:: DATA SECTION ::
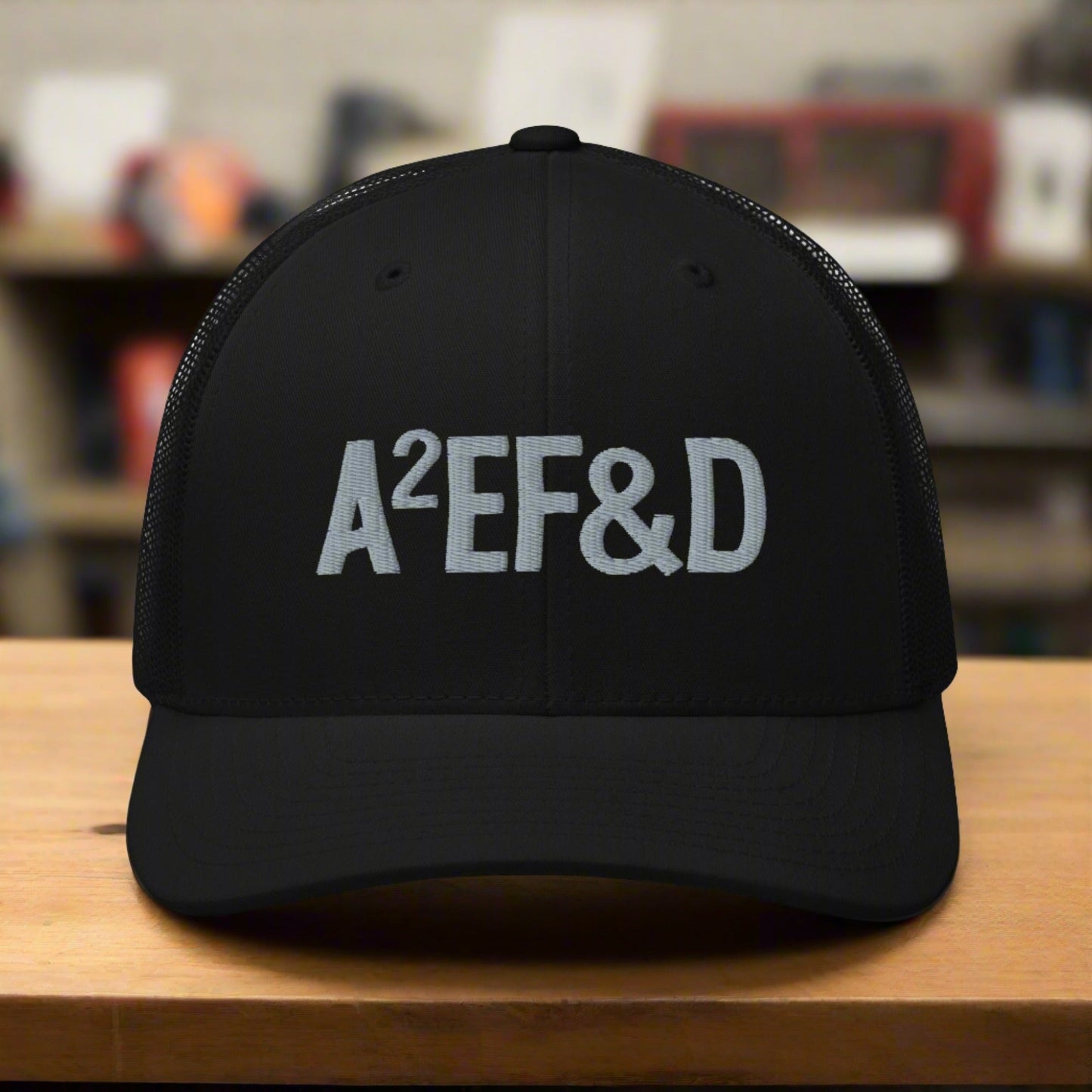 Against All Enemies Retro Trucker Cap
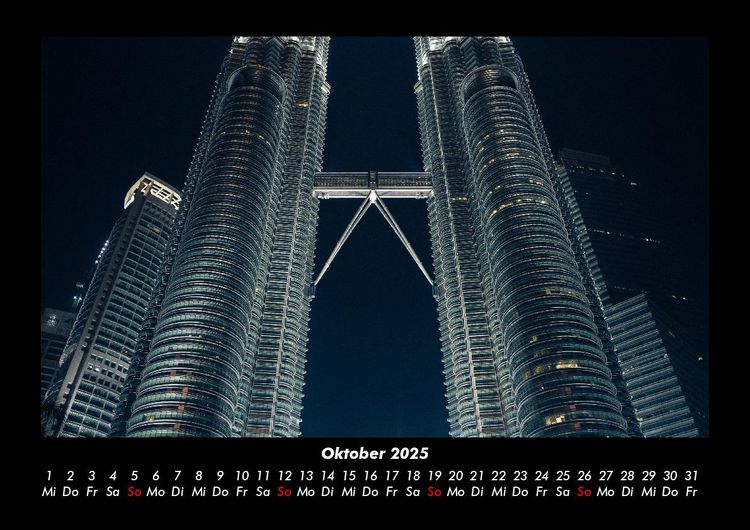 Produktbild: Architektur 2025 Fotokalender DIN A3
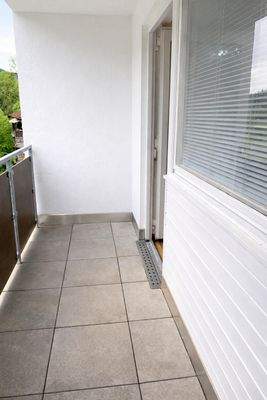 Balkon-Loggia 4,37 m2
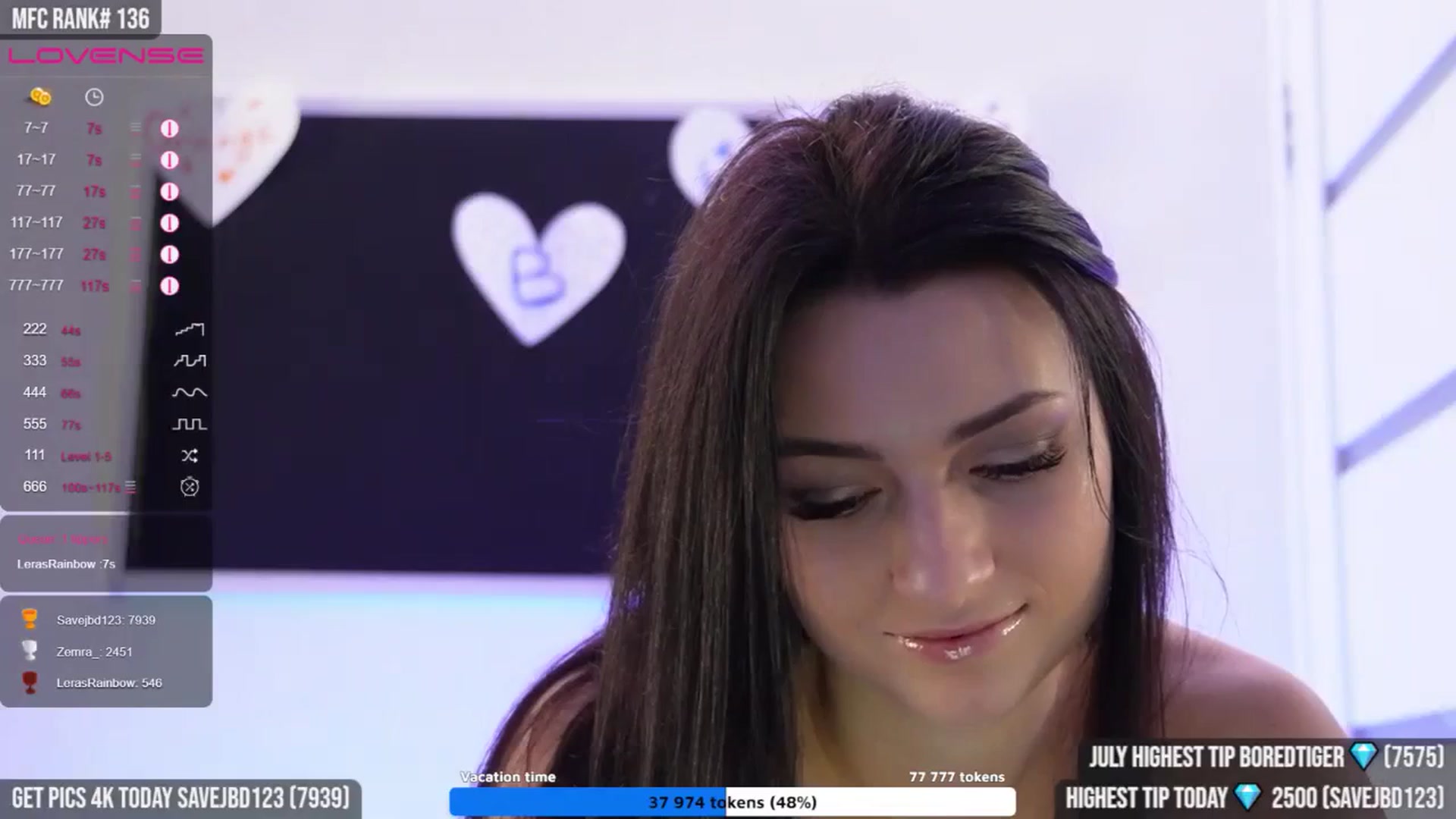 Gallery image thumbnail from TighttAss's myfreecams stream on, 07/25/2023, 05:46 image 15 of 20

:: WHAT THE TASK ASKS ::
Every line between the one containing "Produktbild: Architektur 2025" and the last line of the data above, both included, should be copied exactly, but not the pictures.

:: YOUR RESPONSE ::
 Produktbild: Architektur 2025 Fotokalender DIN A3
 Balkon-Loggia 4,37 m2
 Gallery image thumbnail from TighttAss's myfreecams stream on, 07/25/2023, 05:46 image 15 of 20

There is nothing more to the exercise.